The question for me is what role the RO-crate specification should play in defining the dataset schema in LinkML. From the issue that's linked above:

Currently working on building a LinkML model for a datalad dataset, and trying to figure out if it's better to
(1) first create a linkml model for an RO-crate and then import that into a separate linkml model for a datalad dataset, i.e. making the latter a subset of the former; or
(2) create the linkml model for the datalad dataset and only bring in some properties (i.e. slots) from an ro-crate such that it is compatible as a by-product.

To add to (2): one could build a model that is completely separate from RO-crate and purely follows what we see as the ideal for a datalad dataset metadata structure, and then bring in compatibility with RO-crate as a separate tool, i.e. exporting to the RO-crate specification would be one of many supported "translation" options.
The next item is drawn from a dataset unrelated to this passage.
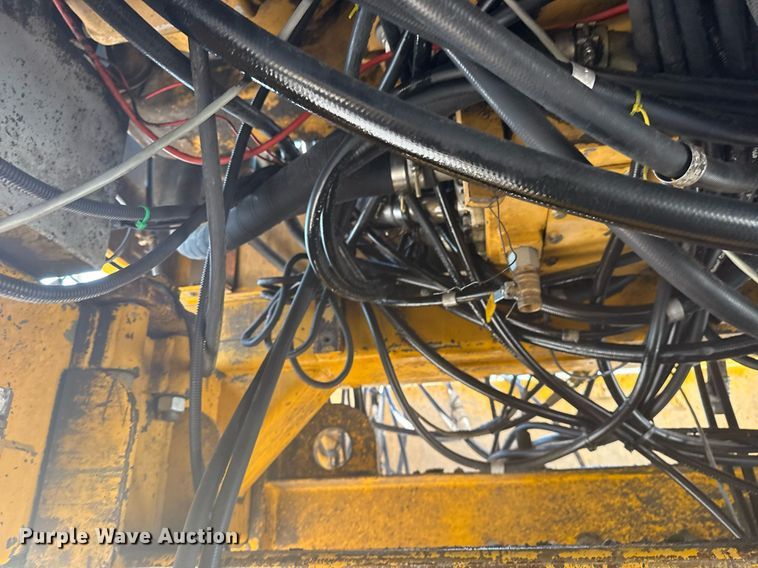 image for item DS3748 2002 Gomaco Commander III paver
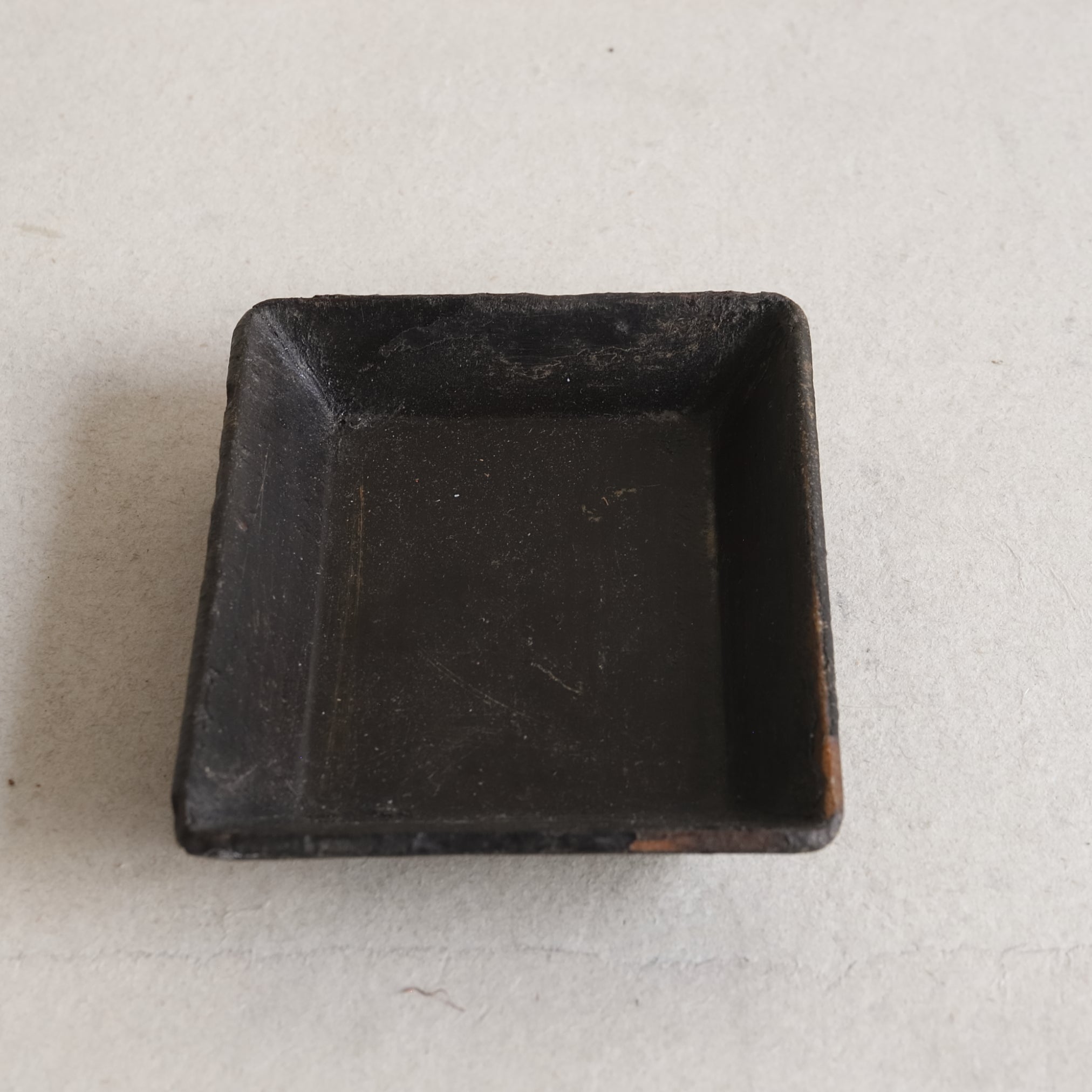 PLATO CUADRADO DE MADERA, Dinastía Joseon(1392–1897 d. C.)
@mih @mslw @christian-monch curious to hear your thoughts on this

mih commented

Exactly. An ro-crate should be an export of a datalad data model for a single version of a dataset.

mih commented

Starting with an effort to model an RO-crate with linkml. It seems the first step would be to decide on a good input representation.

Initially, I thought it would be good to take an RO-crate and frame it with something like

    {
      "@context": "https://w3id.org/ro/crate/1.1/context",
      "@type": "http://schema.org/Dataset"
    }

to get a hierarchical representation. However, this ruins the deduplicating nature of an RO-crate (array of elementary object definitions, ie. an author person appears only once in a record). Moreover, linkml IO tooling will strip anything that starts with @, including @id -- which is essential in an RO-crate, because it represents the "filename/location" in a dataset.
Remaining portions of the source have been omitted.